> [Work to complete]:
Within the entries below, please return exactly the lines from the one with "Karetka z pacjentem nie mogła dojechać" through the one with "los Atunes, Tarifa", leaving out any pictures.

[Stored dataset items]
======
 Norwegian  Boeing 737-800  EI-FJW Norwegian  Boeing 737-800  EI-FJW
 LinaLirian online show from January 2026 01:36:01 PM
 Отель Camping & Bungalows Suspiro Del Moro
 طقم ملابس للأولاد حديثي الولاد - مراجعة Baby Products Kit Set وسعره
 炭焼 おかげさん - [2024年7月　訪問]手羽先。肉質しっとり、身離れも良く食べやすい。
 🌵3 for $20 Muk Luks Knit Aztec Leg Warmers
======
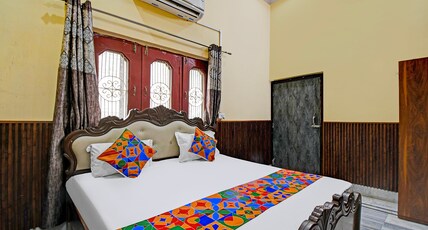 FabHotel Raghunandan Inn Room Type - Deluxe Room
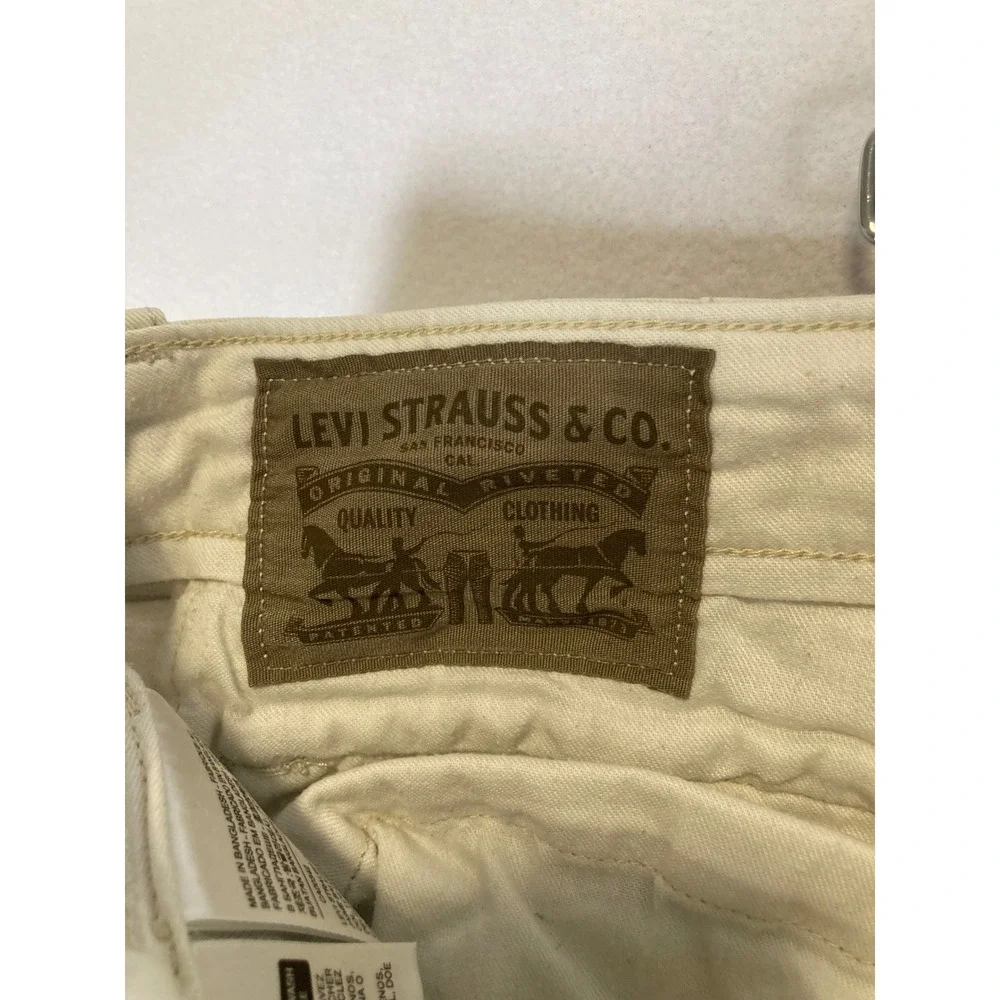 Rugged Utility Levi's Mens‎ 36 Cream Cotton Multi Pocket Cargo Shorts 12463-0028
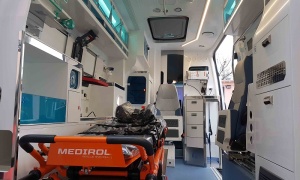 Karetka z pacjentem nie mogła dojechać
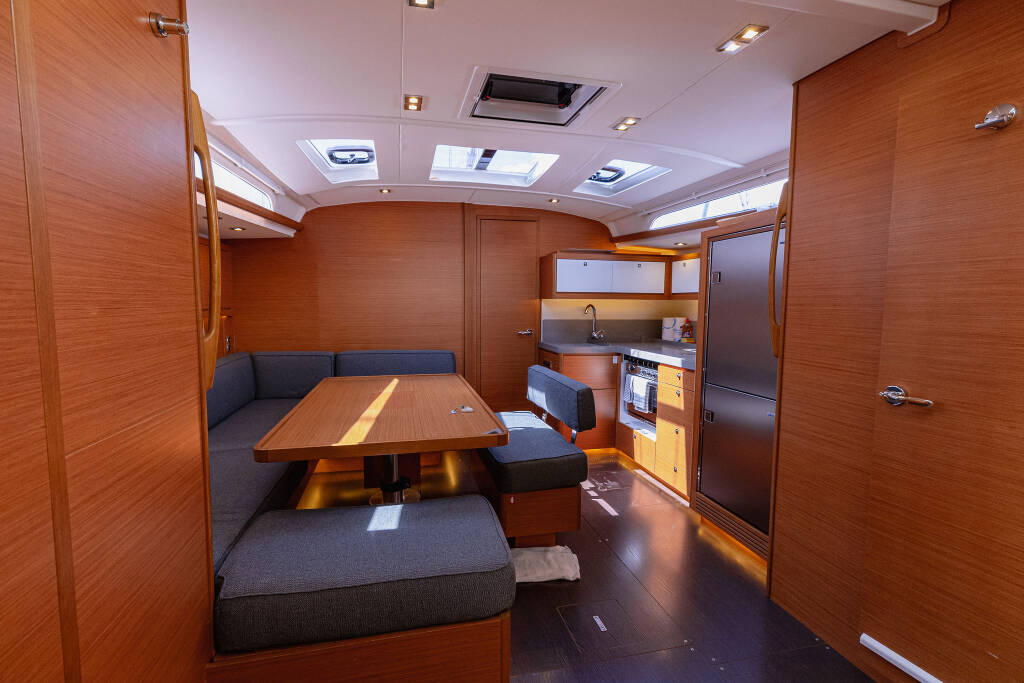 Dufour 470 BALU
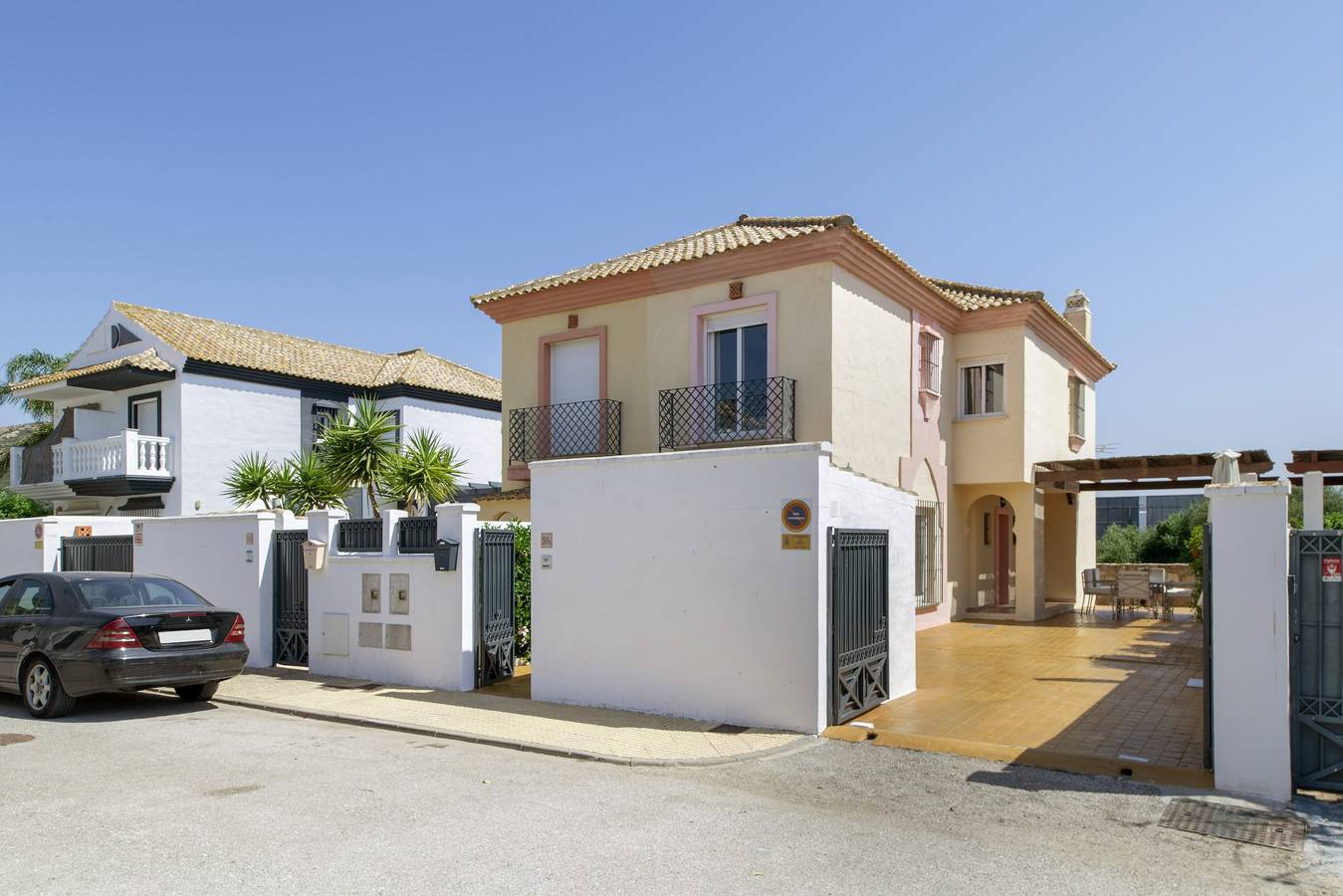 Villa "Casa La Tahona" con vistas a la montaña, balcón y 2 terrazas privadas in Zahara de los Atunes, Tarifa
======
> [Exercise output]:
 Karetka z pacjentem nie mogła dojechać
 Dufour 470 BALU
 Villa "Casa La Tahona" con vistas a la montaña, balcón y 2 terrazas privadas in Zahara de los Atunes, Tarifa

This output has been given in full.